On 18.12.2010 08:12, Mike Cowlishaw wrote:
>>>> I have a Rexx program that merges several small files onto 
>>>>         
>> one large 
>>     
>>>> one. As it turned out a few of the small files were 
>>>>         
>> prefixed with a 
>>     
>>>> UTF8 BOM, |0xEFBBBF|. Should the BOM have been recognized and 
>>>> discarded?
>>>>         
>>> How could Rexx (or any other processor) decide that some particular 
>>> prefix/content/suffix of a file is worthless and should be 
>>>       
>> discarded?
>>     
>>> ("darn it, this file ends in 'ILY'; delete that!").
>>>       
>> It would handle it as any other text processor. Open the 
>> file, read the first three or four bytes. If no BOM is 
>> present reposition to the beginning, else position to the 
>> first char after the BOM.
>>
>> I realize that Rexx can not handle wide characters and use of 
>> the UTF8 BOM is discouraged, and at least on *ix systems can 
>> lead to problems with some apps.
>> But the use of UTF8 is not forbidden.

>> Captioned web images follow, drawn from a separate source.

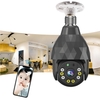 Guudgo HD 1080P WIFI IP E27 Caméra Surveillance 8 LED Diamond Bulb Ball Camera Smart Dual light Night Vision with E27 Ba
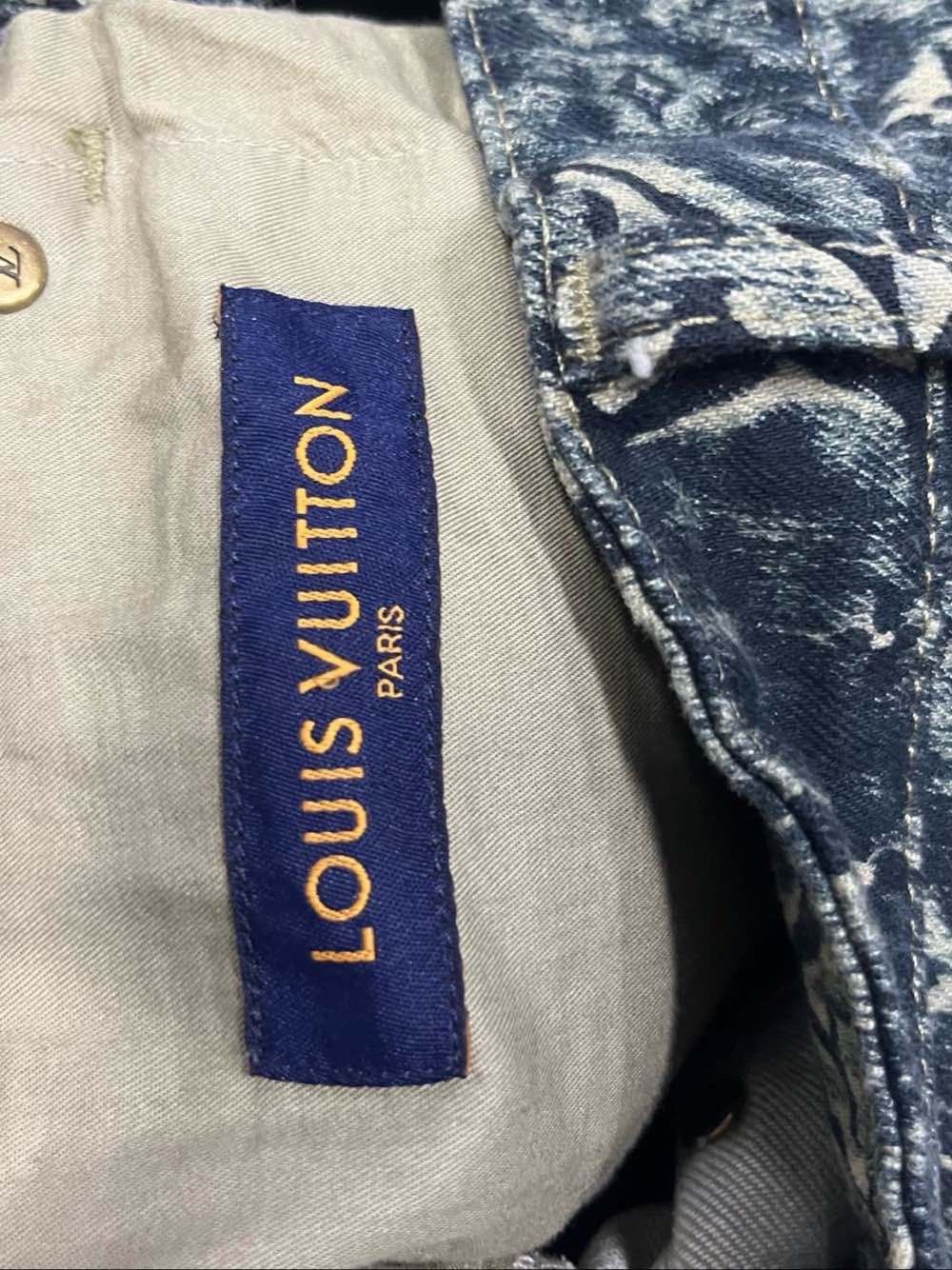 Louis Vuitton Louis Vuitton Monogram Denim Jeans US 32 Size US 32 / EU 48 - 3 Thumbnail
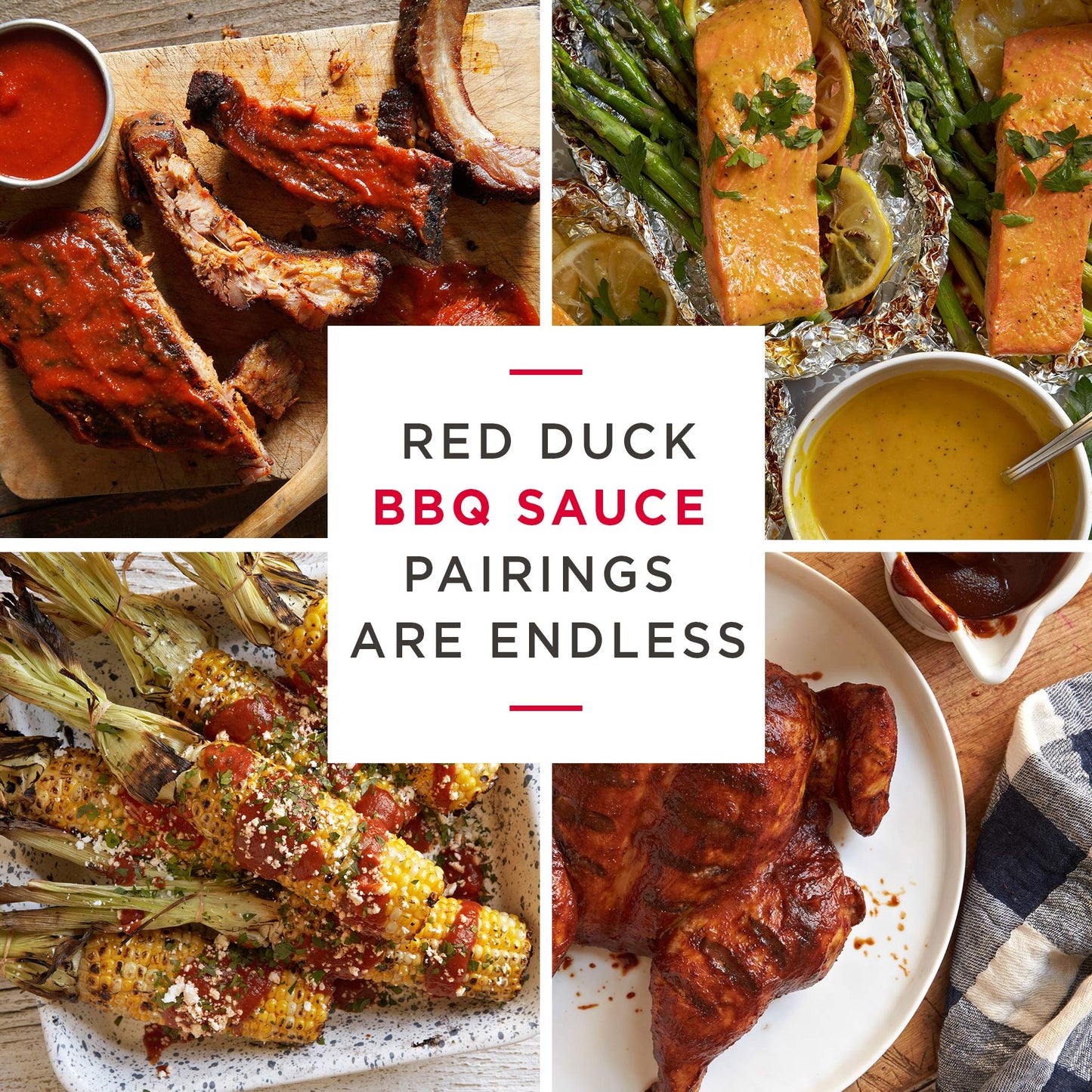 Red Duck Sweet Mustard Peppercorn Organic BBQ Sauce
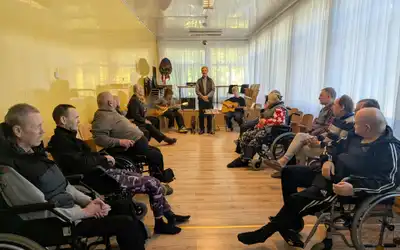 Nuotrauka iš Viešnagės „Gerumo namuose“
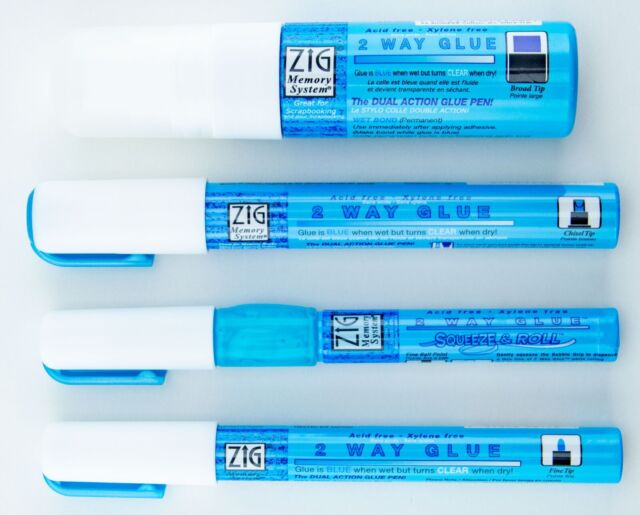 Kuretake Zig 2 Way Glue Pen 3/Pkg Chisel Tip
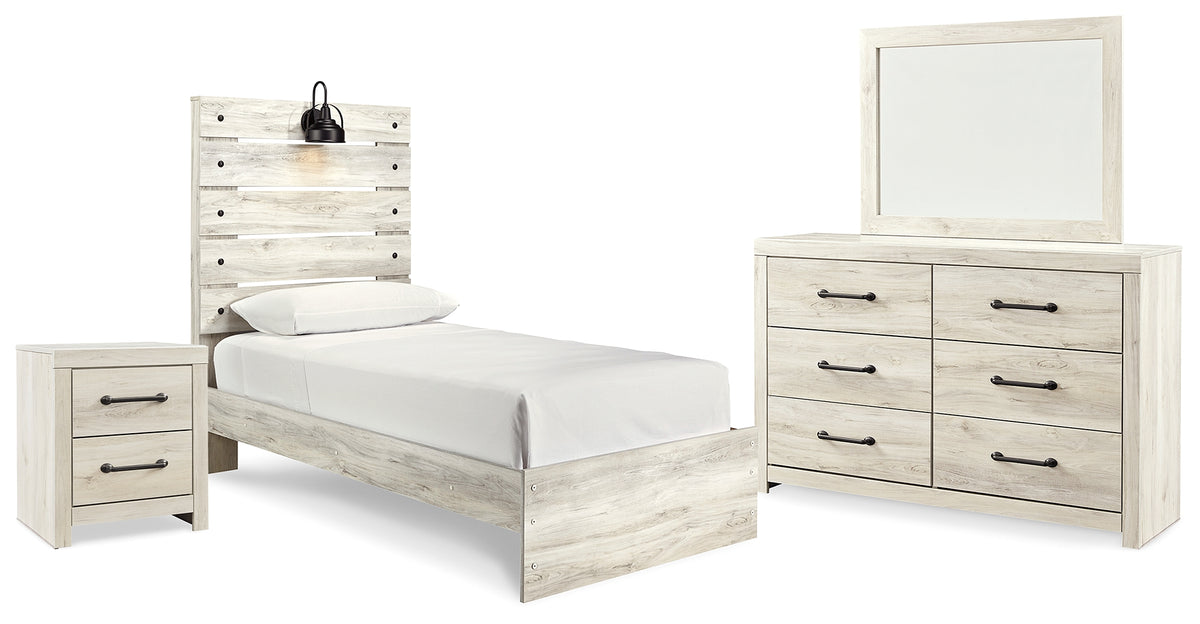 Furniture City Laplace - Ashley Furniture - Cambeck Twin Panel Bed, Dresser, Mirror and Nightstand - Twin Panel Bed, Dresser, Mirror and Nightstand - B192B53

So when processing text 
>> files, it seems to me that a BOM should be checked for, even 
>> if it is ignored. Or a error issued for an unsupported 
>> encoding. For UTF8 I would ignore it and process the file as ASCII.
>>     
> I wasn't clear -- sorry.  I meant: what if the program *wants* to be able to
> read the BOM and then process the file appropriately?  Such a program would be
> broken if the standard file read discarded rge BOM.
>
> Perhaps what you need is a wrapper function/class that will do exactly that
> ('readUTF8' ... etc.).

This kind of situation - processing non-ASCII-text files becomes more
and more common on every operating systems. The upcoming "HTML5"
standard even suggests to use UTF-8 encodings, which probably will lead
to the number of BOM'med text files to explode on any platform.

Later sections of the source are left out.